Problem description: For this exercise, reproduce only the lines from the one holding "LONDON MEMORIES .925" through the final line of the data below, exactly, and omit pictures.

Records to use:
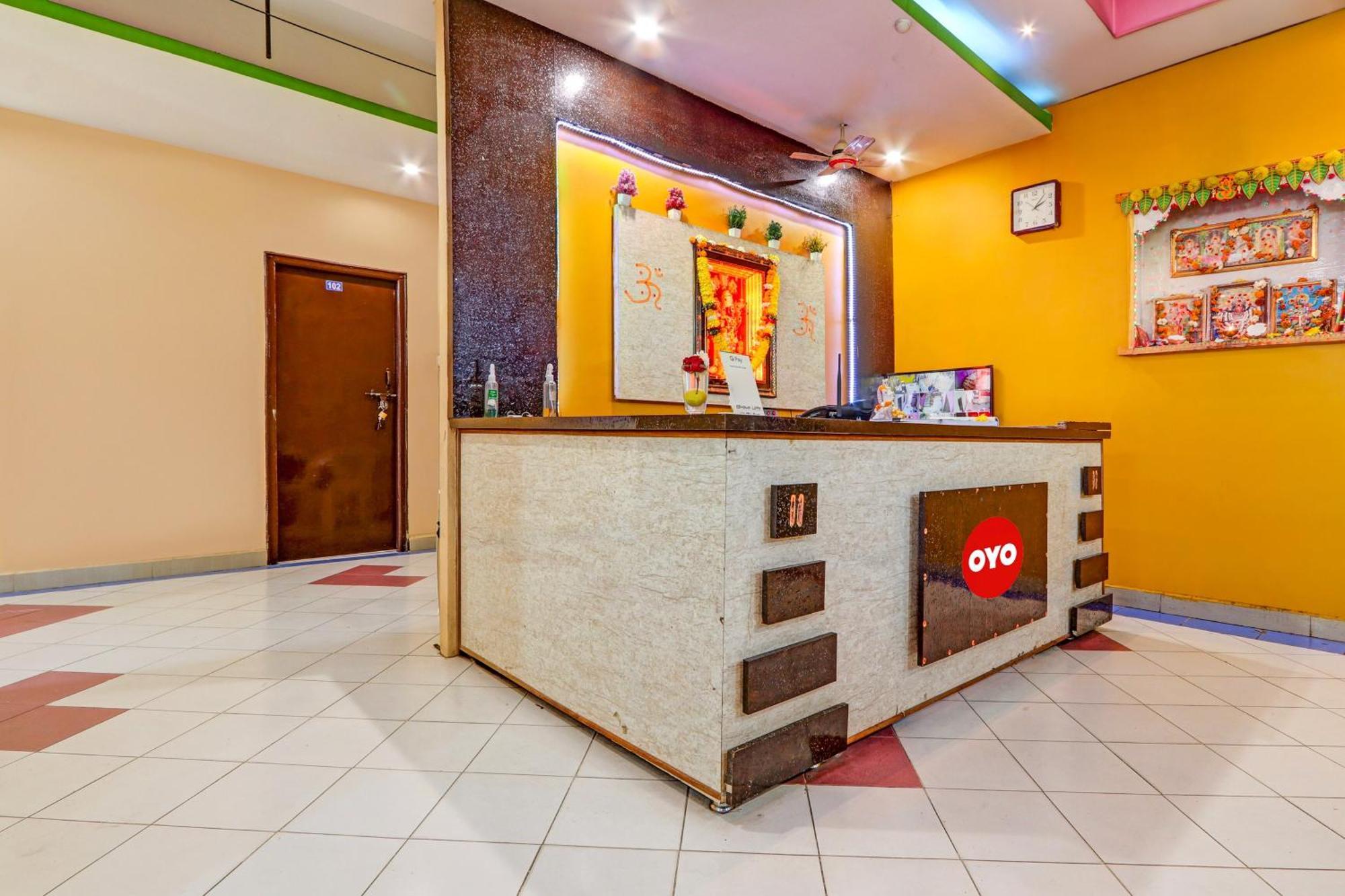 Oyo Flagship Hotel Samruddhi Lodge Nirmal  外观 照片
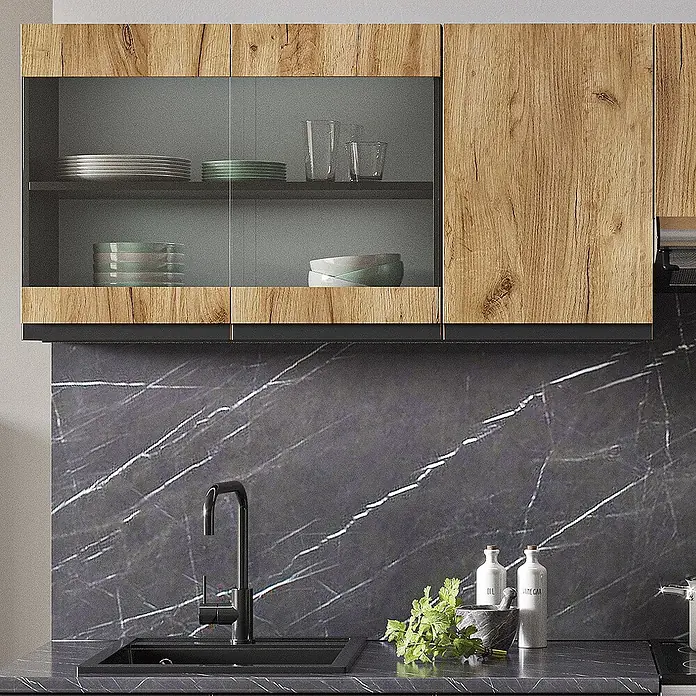 Vicco Küchenzeile Raul Goldkraft Eiche J-Shape, ohne Arbeitsplatte mit LED-Leisten - Goldkraft Eiche, Ohne Elektrogeräte - Moderne Küche mit hellen Holz- und Glasschränken, dunkler Marmor-Arbeitsplatte und schwarzem Spülbecken.
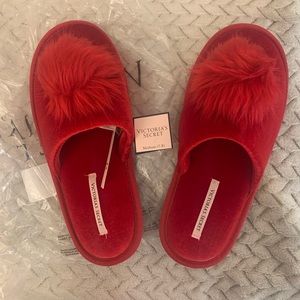 Victoria Secret Size M (7/8) fluffy slip on shoes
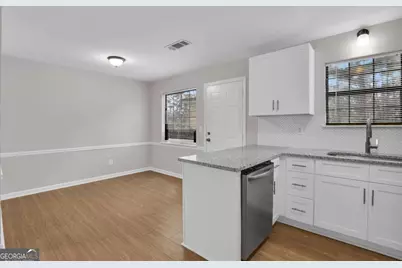 3033 Parkside Court, Snellville, GA 30078 - Photo 9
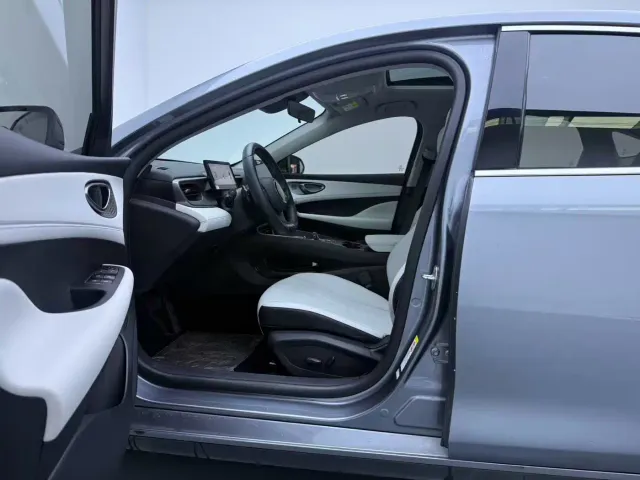 BYD Seal 05 DM-i — Фото автомобиля 9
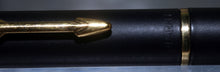 Load image into Gallery viewer, Z-Parker 95 Matt Black GT - M Medium Gold Nib (P924a)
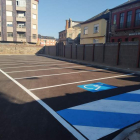 El aparcamiento cuenta con 24 plazas, una de ellas para conductores con discapacidad. DL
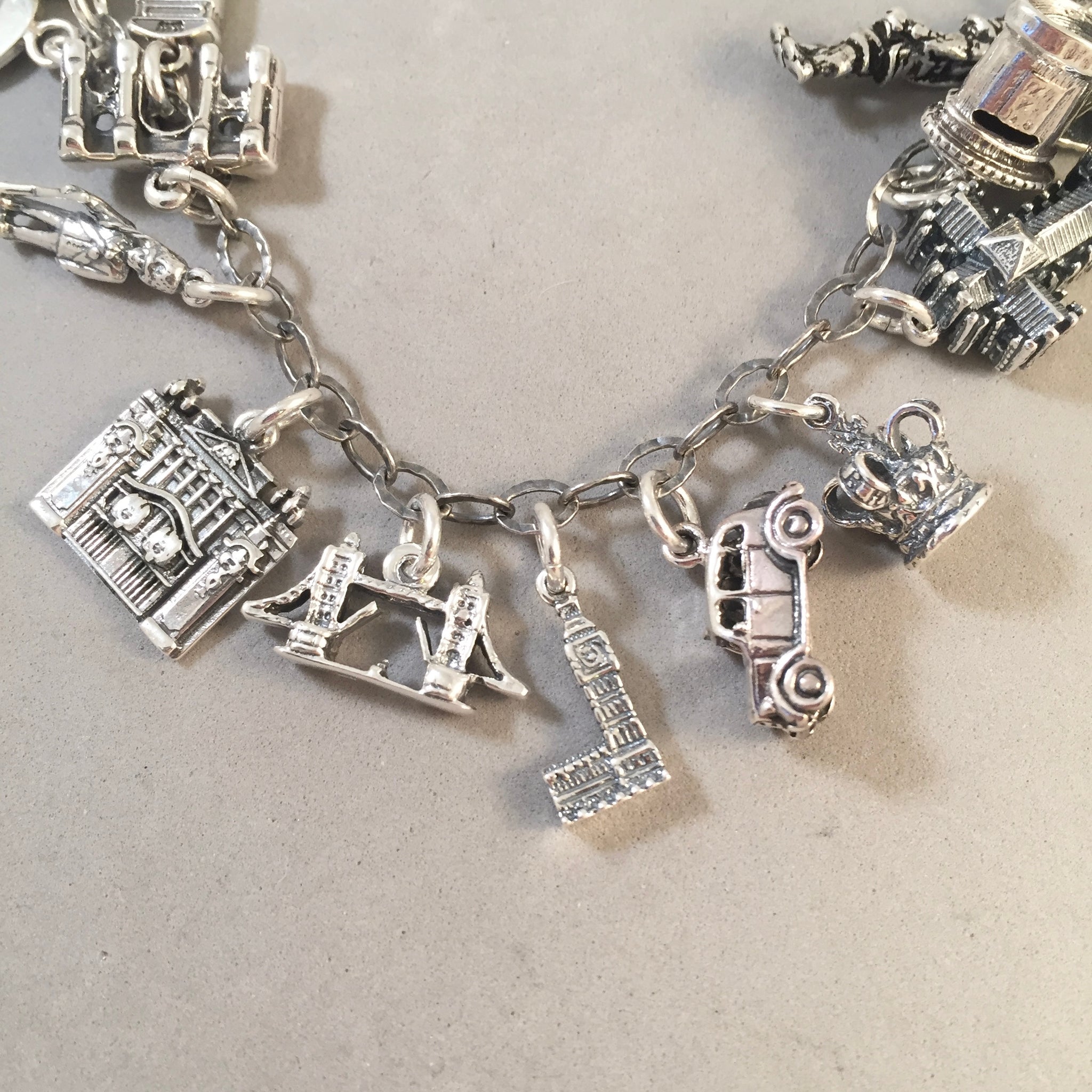 LONDON MEMORIES .925 Sterling Silver Travel Souvenir Charm Bracelet Bi –  Haylee's Silver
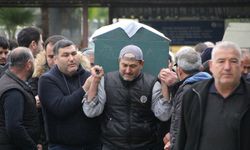 Isparta'da eşi tarafından tüfekle vurularak öldürülen hemşire Antalya'da toprağa verildi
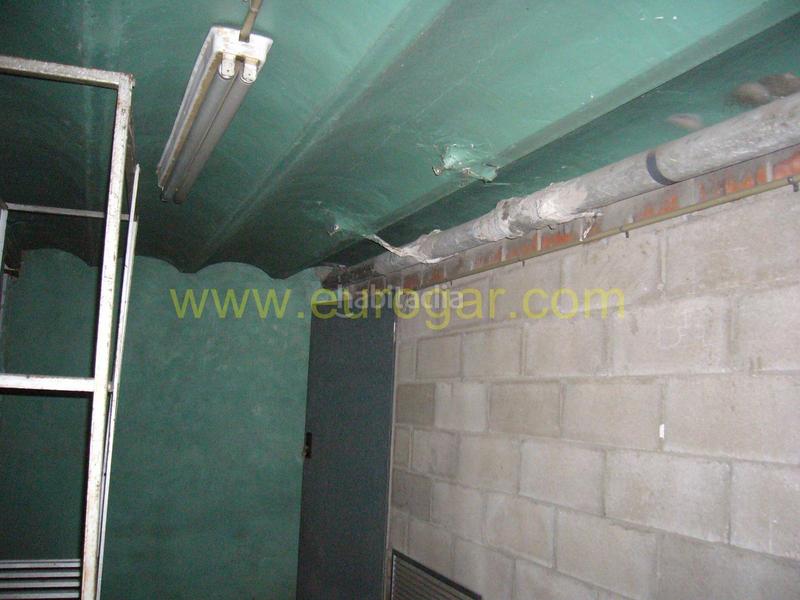 Foto 25b00fb5-b4a7-4157-8dca-43076d8a1cd4. Casa  con buhardilla y local comercial céntrico 46370 en Chiva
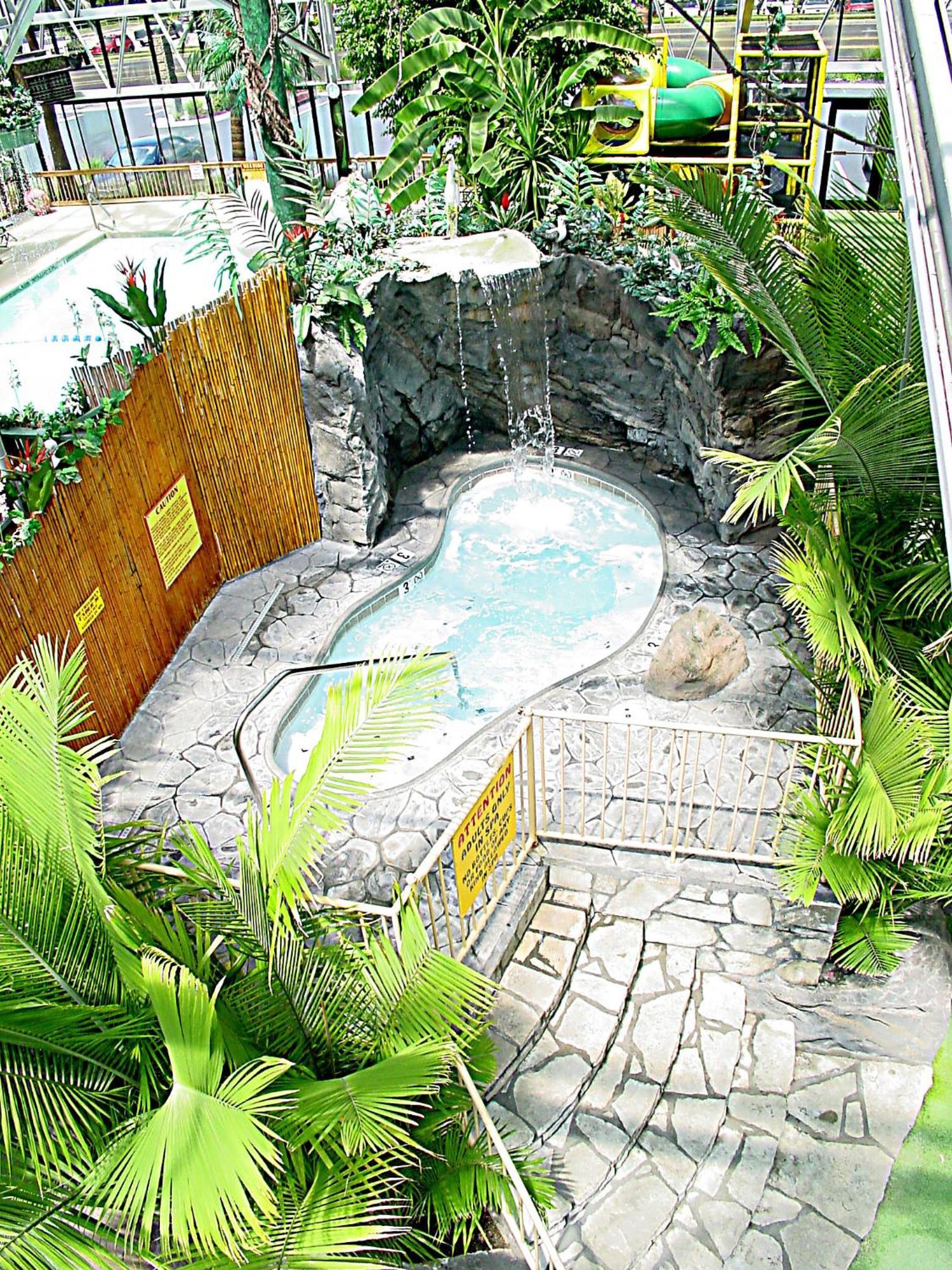 Wildwood Inn Флоренция Экстерьер фото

Problem solution:
 LONDON MEMORIES .925 Sterling Silver Travel Souvenir Charm Bracelet Bi –  Haylee's Silver
 Isparta'da eşi tarafından tüfekle vurularak öldürülen hemşire Antalya'da toprağa verildi
 Foto 25b00fb5-b4a7-4157-8dca-43076d8a1cd4. Casa  con buhardilla y local comercial céntrico 46370 en Chiva
 Wildwood Inn Флоренция Экстерьер фото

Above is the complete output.